PETALING JAYA: Analysts are positive on the Malaysian Aviation Commission’s (Mavcom) implementation of the First Regulatory Period (RP1) for Malaysia Airports Holdings Bhd (MAHB), which brings revisions to the Passenger Service Charge (PSC).
The RP1 will take effect from June 1 to Dec 31, 2026.
The PSC rates have been unified into a single international departure of RM73 per person for Kuala Lumpur International Airport (KLIA) Terminal 1, and RM50 per pax for KLIA Terminal 2 and other airports.
Mavcom is also introducing a transfer PSC for passengers transiting through a Malaysian airport, with the rate for domestic travel through all airports being RM7, while the rates are RM42 for international travel through KLIA Terminal 1 and RM29 for international travel through KLIA Terminal 2 and other airports.
The aviation regulator will also be carrying out the Loss Capitalisation Mechanism (LCM), which would allow MAHB to recover 90% of any regulatory loss it incurs in RP1, which will be recovered over a period of up to 10 years starting in the first year of the second regulatory period (RPS2) which begins in 2027.
RHB Research said the implementation of both the PSC and LCM would be beneficial to MAHB, commenting in a note to clients yesterday that the LCM would allow MAHB to pursue necessary investments, services enhancements, and airport development efforts.
The research house explained that the regulatory loss or gain pertaining to MAHB as outlined in the LCM is the difference between MAHB’s actual economic costs –including capital expenditure (capex), operating expenditure (opex) and tax obligations – and actual airport-related revenue.
“If MAHB’s economic costs outweigh airport revenue, a proportion of this loss will be recovered from customers in future periods through proportionately higher airport service charges (ASC).
“This could reasonably occur under a scenario where demand is artificially low, but MAHB still has significant fixed costs and needs to make investments to meet future expected demand,” it said.
On the other hand, it pointed out if airport revenue is higher than economic costs, a proportion of this gain will be returned in future periods through proportionately lower ASC.
This could occur if demand grew more quickly than expected and MAHB is able to service this demand without incurring significant costs, said RHB Research.
Hong Leong Investment Bank (HLIB) Research opined that MAHB would be able to collect overall higher revenue through effectively higher PSC and new PSC for transfer passengers, as well as incremental aircraft landing and parking charges, leading to potentially stronger earnings.
“MAHB’s cash flow will also improve, allowing for higher capex spending,” it said in a note.
The research house said MAHB would continue to leverage on the anticipated recovery of air travel demand this year.
The finalisation of operating agreements and its regulated asset base structure would strengthen the company’s commitment towards airport developments in Malaysia.
It added: “The disposal of the GMR Hyderabad International Airport Limited (GHIAL) for US$100mil by the first quarter of 2024 will also strengthen MAHB’s balance sheet.”

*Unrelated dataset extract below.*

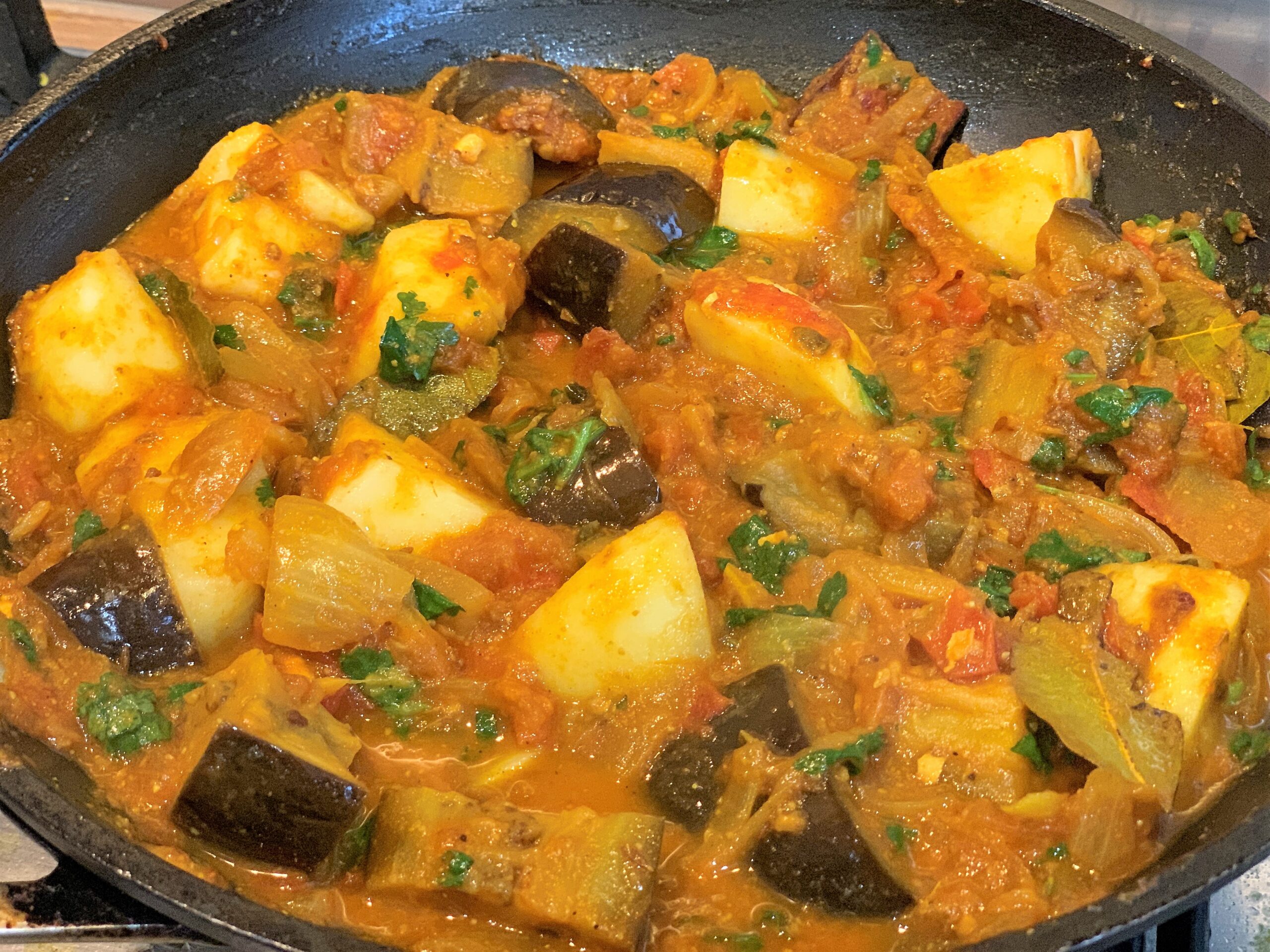 Aloo Baigan Recipe (Spiced Potato Aubergine)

Echoing the other research houses, Kenanga Research acknowledged that the latest development is expected to be earnings positive to MAHB.

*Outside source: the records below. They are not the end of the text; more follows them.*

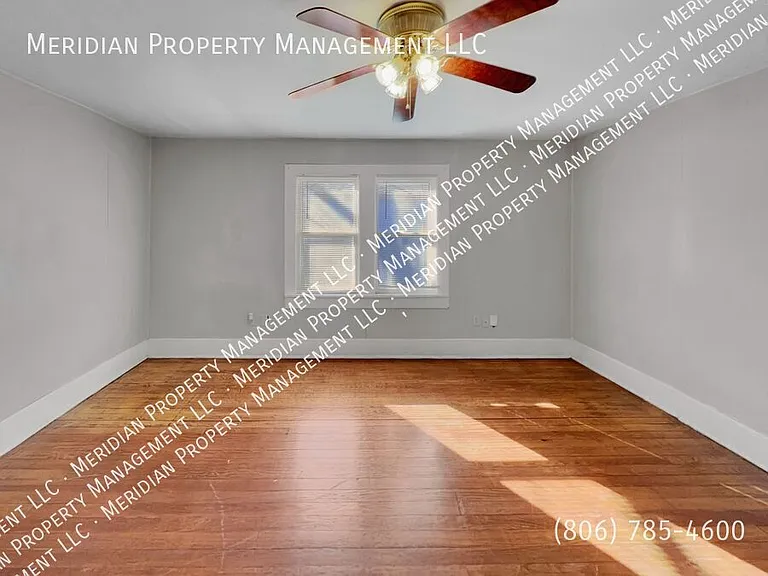2320 20th St — Photo 5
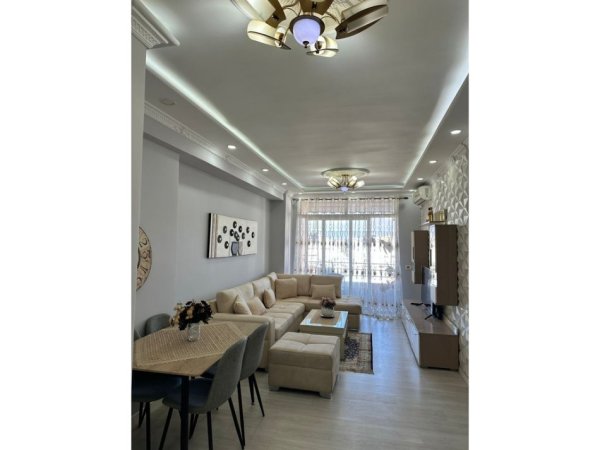 Tirane, jepet me qera apartament 2+1 Kati 5, 97 m² 550 € 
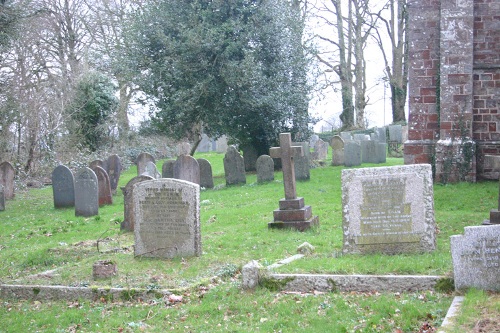 Commonwealth War Grave St. John the Baptist Churchyard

Nevertheless, it said the latest tariff rate might not be sufficient for the group to raise sufficient cash flows given the urgency for airport expansion and maintenance capex in Malaysia to enable the latter to accumulate the required cash for capex purposes.
It reiterated its confidence that air travel would continue to recover throughout 2024, projecting tourist arrivals in Malaysia to jump 35% to 27 million from an estimated 20 million a year ago.
“This should underpin growth in MAHB’s passenger throughput demand in 2024. We expect traffic trajectory to grow in subsequent months as airlines continue to re-activate more aircraft to meet increasing demand,” it said.
HLIB Research and RHB Research have “buy” and “overweight” calls on MAHB, with target prices (TP) of RM9.80 and RM9.67 respectively.
Concurrently, Kenanga Research issued a “market perform” call on the counter, with a TP of RM9.